We're provisioning 30k write capacity which is almost $15k a month! Although we will only use this capacity for just few hrs, it is easy to forget to scale it down afterwards. Make sure to create a billing alert for $100, so you don't forget. Please don't blame me if you get a huge bill from AWS next month.
Output:
$ go build main.go
$ ./main
==== 1 ====
2021/10/22 16:18:25 Starting: chunk-ix
2021/10/22 16:18:28 Created 4 batches for 40000 chunks with 1000000 items
2021/10/22 16:18:28 Processing batch 1
2021/10/22 16:18:28 Completed with 0 failures
2021/10/22 16:18:33 Processing batch 2
2021/10/22 16:18:33 Completed with 0 failures
2021/10/22 16:18:39 Processing batch 3
2021/10/22 16:18:39 Completed with 0 failures
2021/10/22 16:18:44 Processing batch 4
2021/10/22 16:18:45 Completed with 0 failures
Benchmarks
Benchmarks are for 1M records with t3.2xlarge
. Here, Golang performs way faster when compared to JavaScript due to goroutines utilizing all the thread, plus it's faster in general.
JavaScript (Node.js 16)
~1083s (~18 minutes)
Go (1.17)
~28s
So, to conclude we can finish the whole thing in 3-4 hrs with Go!
Usage
Now since we have our table setup, we can simply query like below:
import { DynamoDB } from 'aws-sdk';
import crypto from 'crypto';
const client = new AWS.DynamoDB();
const TableName = 'Hibp';
type UnsafeCheckResult = {
unsafe: boolean;
times?: number;
};
export async function unsafePasswordCheck(password: string): Promise<UnsafeCheckResult> {
const shasum = crypto.createHash('sha1').update(password);
const hash = shasum.digest('hex').toUpperCase();
const params: DynamoDB.QueryInput = {
TableName,
KeyConditionExpression: '#hash = :hash',
ExpressionAttributeNames: {
'#hash': 'hash',
},
ExpressionAttributeValues: {
':hash': { S: hash },
},
};
const result: DynamoDB.QueryOutput = await dynamoDbClient
.query(params)
.promise();
if (result?.Count && result?.Items?.[0]) {
const [document] = result.Items;
const foundItem = DynamoDB.Converter.unmarshall(document);
return { unsafe: true, times: foundItem?.times };
}
return { unsafe: false };
}
Cost estimation
DynamoDB: 30k write capacity ($14251.08/month or $19.50/hr)

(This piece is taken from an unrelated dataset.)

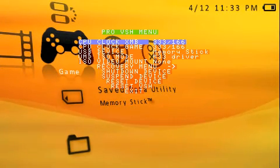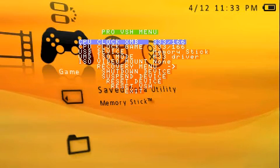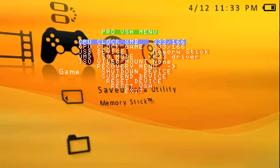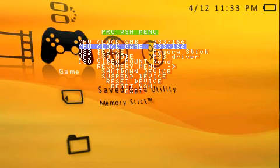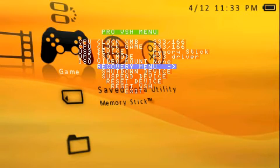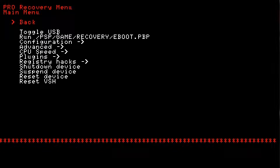Checking out the VSH menu here, where we have the overclock of 333 by 166 still. And let's go take a look at the recovery menu real quick, because everything else is pretty modest.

EC2: t3.2xlarge ($0.3328/hr)
Duration: ~4hrs
Total: $19.8328 * 4hrs = ~$79.3312
The main component in price is the DynamoDB's 30k write capacity, if we can use a better EC2 machine (let's say c6g.16xlarge
) and launch more goroutines to utilise additional write capacity (let's say 40k). It will be more expensive but it might reduce total time we took. This will reduce the DynamoDB usage, reducing the overall price under $60!
Perfomance improvements?
Are your queries too slow? Do you have millions of users? To improve query performance, we can setup bloom filters with redis to reduce load the DB.
Conclusion
I hope this was helpful, feel free to reach out to me on twitter if you face any issues. Thanks for reading!
Top comments (4)
Nice post!
Thanks Michael!
Fascinating.
Probably overkill for most scenarios but still cool thing to do,.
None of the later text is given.